Forum Discussion
AltostratusCertificate as second factor for ActiveSync
CumulonimbusYour approach to implementing a client-certificate check for ActiveSync on your F5 load balancer in front of an Exchange 2016 Cluster sounds reasonable. However, the success of this setup largely depends on whether the Exchange ActiveSync (EAS) client can present a certificate when requested by F5. In a typical setup, the EAS client does not present a certificate unless it's explicitly configured to do so. This configuration is usually done on the Exchange server, not on the F5 device. When the Exchange server is configured for certificate-based authentication (CBA), the EAS client will present a certificate during the SSL/TLS handshake process. In your case, you want the client to present a certificate when requested by the F5 device, not by the Exchange server. This scenario is less common and may not work as expected unless the EAS client is configured to present a certificate regardless of the server requesting it.

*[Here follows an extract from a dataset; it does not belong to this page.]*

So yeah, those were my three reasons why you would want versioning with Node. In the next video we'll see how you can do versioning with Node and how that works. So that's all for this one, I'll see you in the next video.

am_gliThanks for the reply - but what would be a common approach to resolve this?
The setup with an Exchange-Server + F5 and security-aware customers that don't want any 1F-Authentication from the Internet to their AD should be something that exists in thousands of setups worldwide. I'm not sure how others have achieved this? Because a 2F-auth with Tokens for EAS is not an option - and if you'd activate it on Exchange side, you'd have to disable SSL-Termination on F5, so that Exchange receives the client-certificate for authentication. That way, you remove many advantages that F5 provides (e.g. ASM).